━━━━━ Exercise data ━━━━━
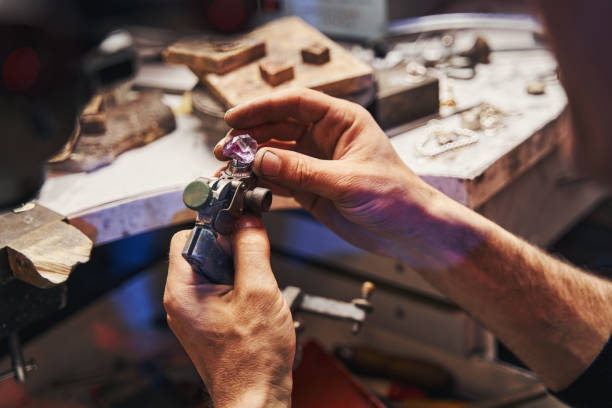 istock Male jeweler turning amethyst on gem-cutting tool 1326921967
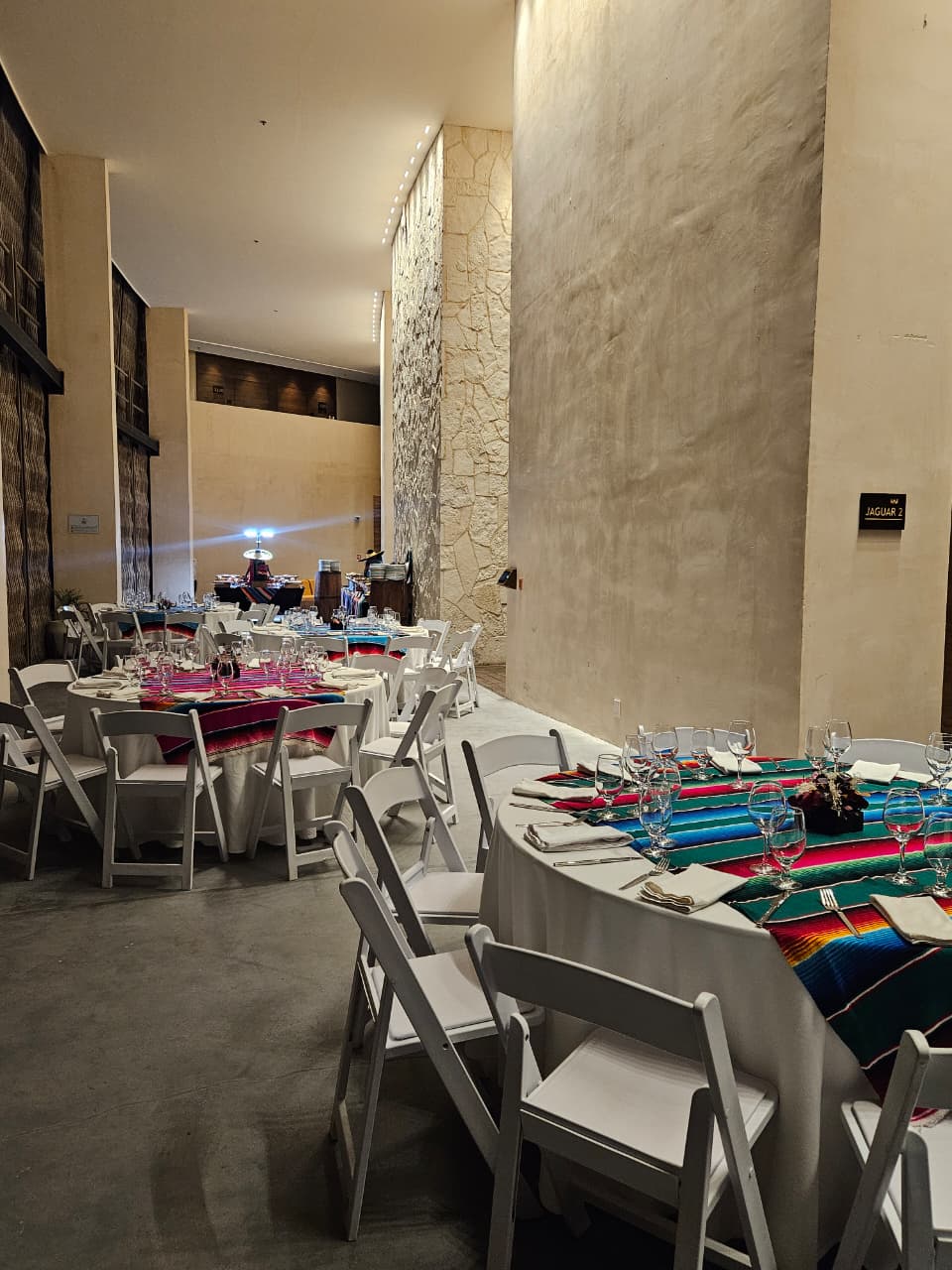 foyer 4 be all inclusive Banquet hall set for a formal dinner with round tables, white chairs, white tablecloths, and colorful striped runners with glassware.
━━━━━
━━━━━ Exercise data ━━━━━
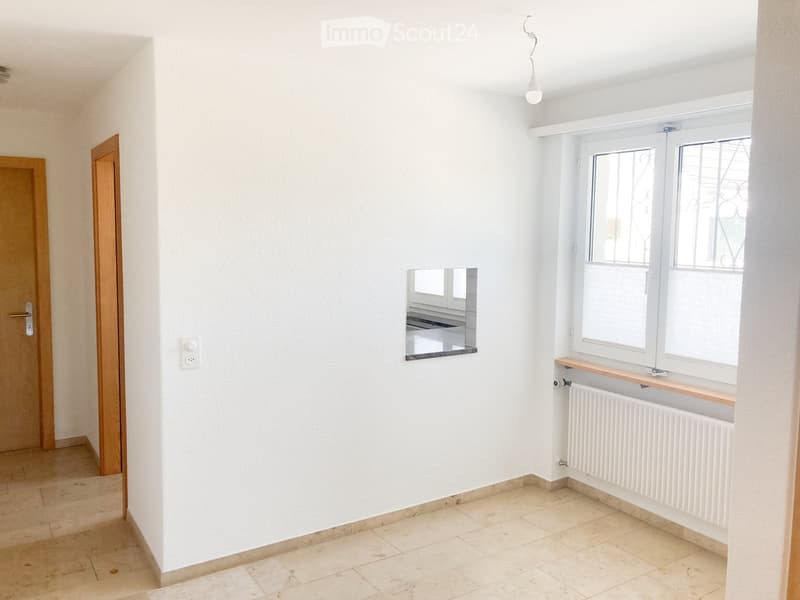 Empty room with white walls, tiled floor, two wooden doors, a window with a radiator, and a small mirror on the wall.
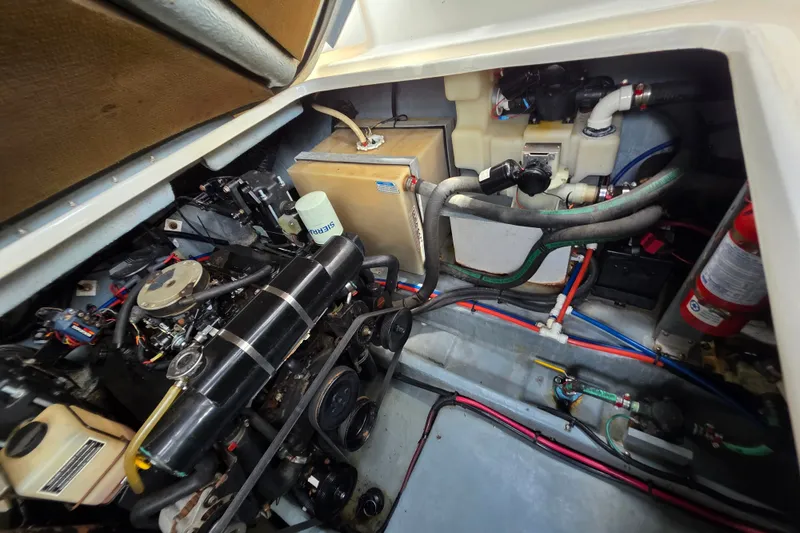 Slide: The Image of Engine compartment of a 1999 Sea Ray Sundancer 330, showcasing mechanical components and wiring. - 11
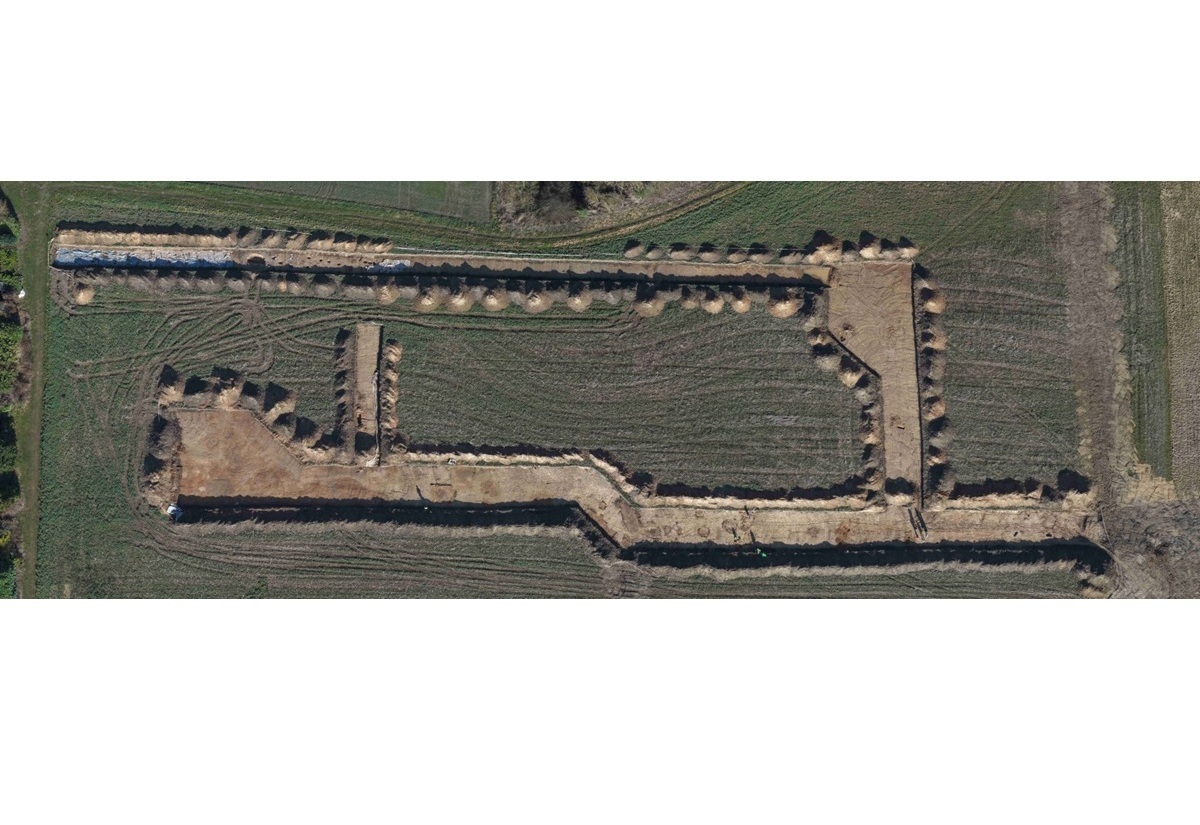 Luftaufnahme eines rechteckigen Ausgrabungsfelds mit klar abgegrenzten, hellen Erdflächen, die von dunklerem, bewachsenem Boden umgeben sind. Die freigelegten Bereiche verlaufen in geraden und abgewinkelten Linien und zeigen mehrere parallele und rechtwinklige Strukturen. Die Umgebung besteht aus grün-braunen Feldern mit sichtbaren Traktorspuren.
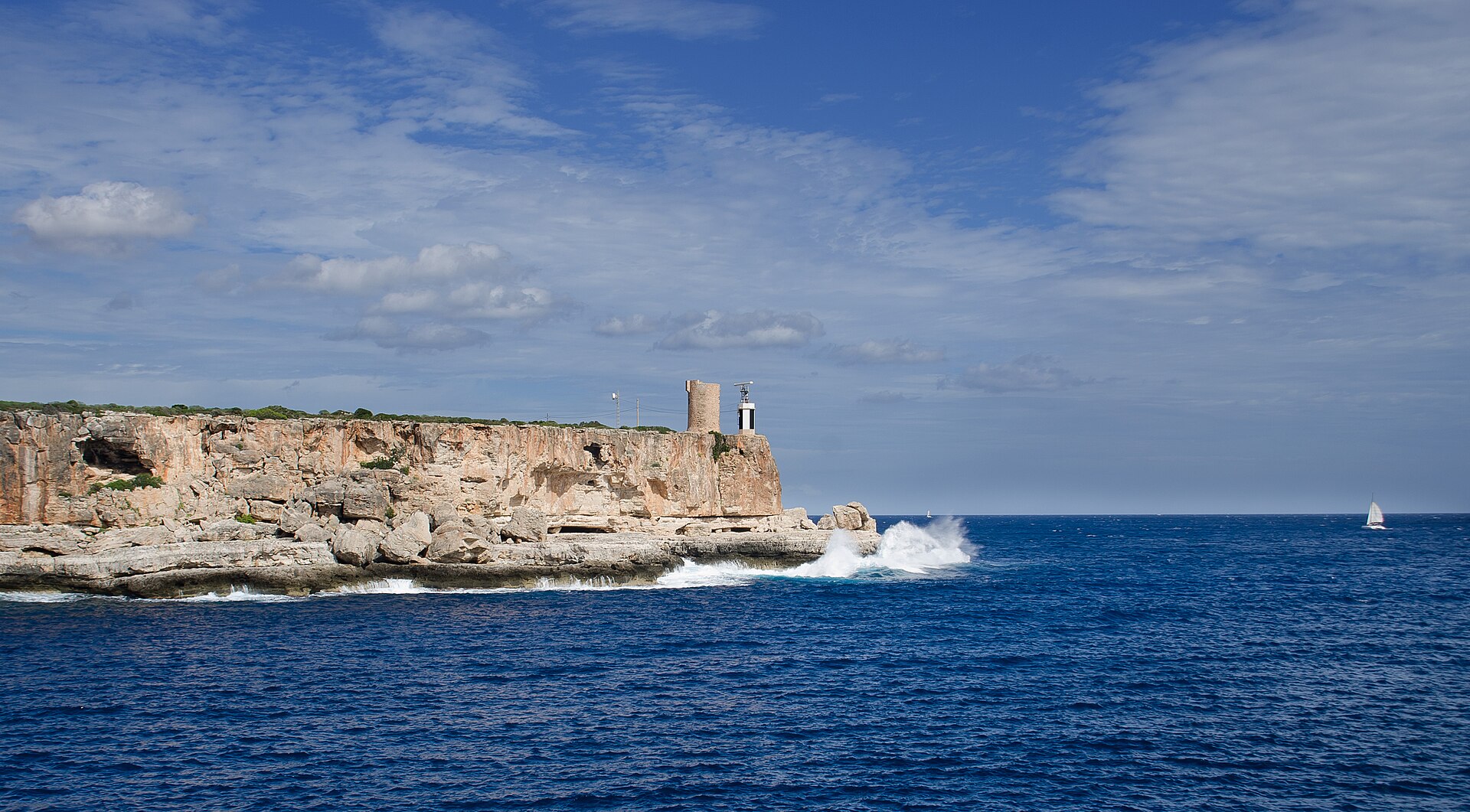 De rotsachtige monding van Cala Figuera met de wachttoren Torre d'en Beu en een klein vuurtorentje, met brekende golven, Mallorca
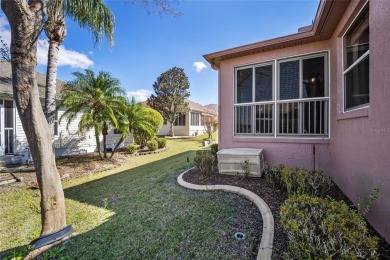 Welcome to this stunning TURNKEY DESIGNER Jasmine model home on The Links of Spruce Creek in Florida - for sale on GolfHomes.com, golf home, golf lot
━━━━━
━━━━━ Exercise data ━━━━━
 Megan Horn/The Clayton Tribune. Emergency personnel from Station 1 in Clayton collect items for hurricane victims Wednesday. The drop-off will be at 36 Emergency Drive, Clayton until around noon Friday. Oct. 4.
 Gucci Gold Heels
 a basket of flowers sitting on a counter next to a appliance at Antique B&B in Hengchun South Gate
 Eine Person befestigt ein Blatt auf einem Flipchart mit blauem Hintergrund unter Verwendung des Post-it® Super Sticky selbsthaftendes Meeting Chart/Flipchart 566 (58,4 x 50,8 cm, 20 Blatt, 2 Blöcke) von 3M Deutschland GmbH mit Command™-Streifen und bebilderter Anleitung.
━━━━━
- _Work item_
Copy out the lines above from the line containing "Luftaufnahme eines rechteckigen" through the line containing "De rotsachtige monding", exactly, and keep the pictures out.

- _Result of this task_
 Luftaufnahme eines rechteckigen Ausgrabungsfelds mit klar abgegrenzten, hellen Erdflächen, die von dunklerem, bewachsenem Boden umgeben sind. Die freigelegten Bereiche verlaufen in geraden und abgewinkelten Linien und zeigen mehrere parallele und rechtwinklige Strukturen. Die Umgebung besteht aus grün-braunen Feldern mit sichtbaren Traktorspuren.
 De rotsachtige monding van Cala Figuera met de wachttoren Torre d'en Beu en een klein vuurtorentje, met brekende golven, Mallorca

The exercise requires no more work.